When I experimented with word vector representations (word2vec), I found that the analogous embedding part was a bit oversold in a subtle way. While some sorts of analogies worked (the easiest to see was gender: woman-man+boy=girl), other sorts of analogies that appeared just as straightforward to a human were not at all understood by the embeddings.
For example,
water-boat+plane=potable_water (air, sky, etc nowhere to be found).
small-big+tall=taller (short, etc nowhere to be found).
shell-pecan+coconut=shells (husk nowhere to be found).
What I eventually realized is that the vector representations only really work in the case where an averaging operation would get the right answer anyways. For example, woman-man+boy= girl, but you can also get that through (woman+boy)/2=girl. (or even woman+boy=girl) In my experimentation I have yet to see a case where the subtraction aspect is actually necessary to recover the relationship. This would indicate that the vectors are only capturing similarity between words, and not and not any second order relationships between them as is commonly claimed.

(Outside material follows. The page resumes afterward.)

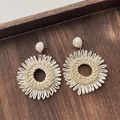 Geometrische Boho-Ohrringe aus Rattan in Sonnenblumen-Optik mit weißen Fransen-Details - Sonnenblumen-Stil Beige (A308)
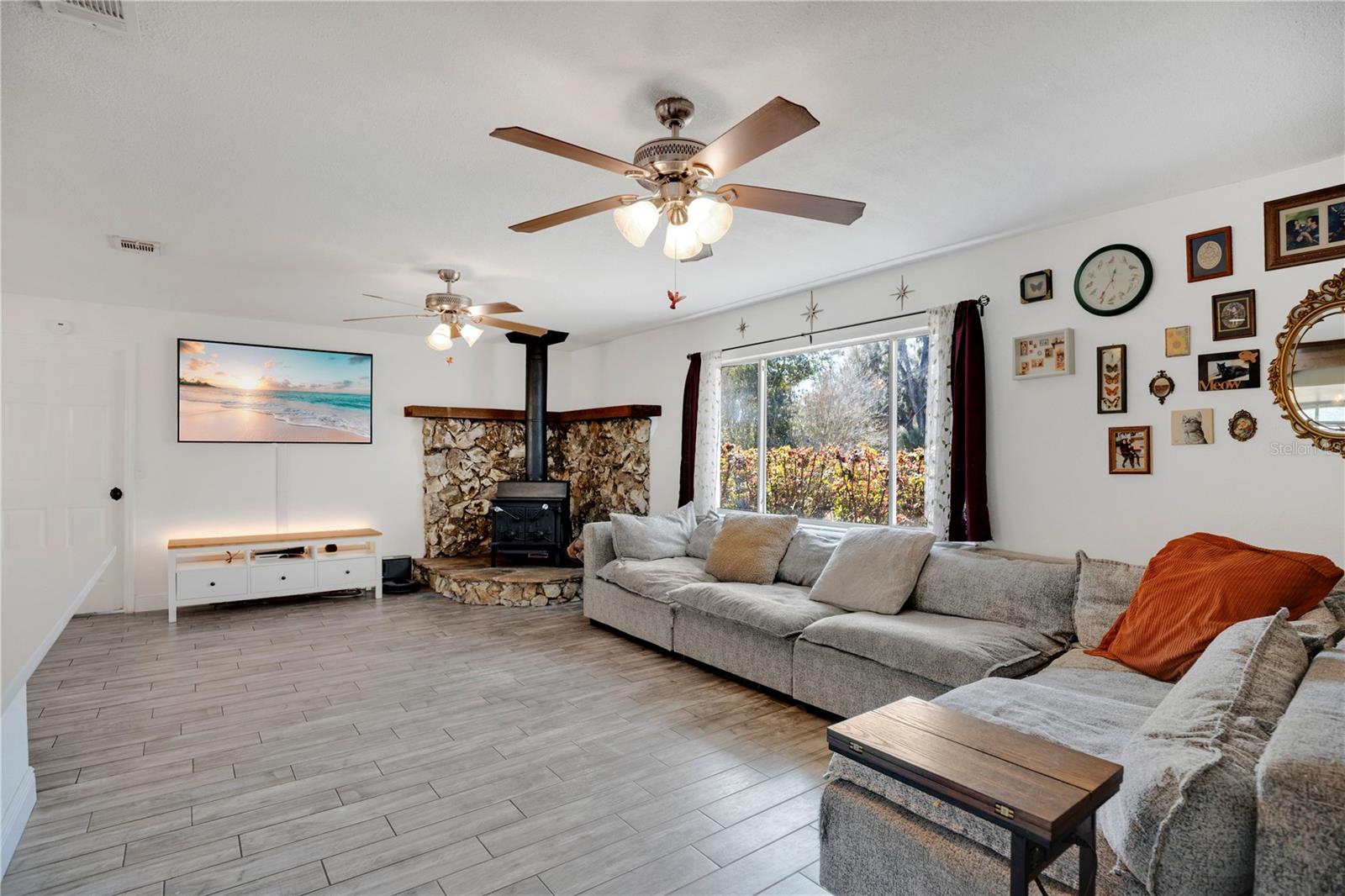 Image 5 of 32 For 1355 Taylor Road W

Honestly, I wish I could discuss this directly with someone doing research in this area, because it seems to me that the vector representations really aren't capturing relationships in the way they're touted. I think it's an interesting possibility, and I haven't seen it addressed in any of the literature I've read.
EDIT: On further investigation, it looks like the google news vectors maybe just aren't that good? I wasn't able reproduce hardly any of the analogy examples given in the table "Relationship pairs in a word embedding." from the OP.
The maths works when you are acting along the same vector(s), so things like king:male ~= queen:king work. In that example you are doing maths along the 'gender vector'.
In you water/boat/plane example I'm not sure what you are expecting. It seems unlikely that there is a 'planeiness' vector one can move along to find concepts like that.
From memory the default word2vec implementation and data gives you ~500 dimensions. I think some of the examples given are failing because of that limitation.
Always excellent content from Christopher Olah. So few people do such a clear job of explaining these concepts -- this is technical writing done right.
Because neuroscience is not yet very informative about what will work well or efficiently. Reading the words "neural network" and thinking it has anything to do with the brain is a mistake.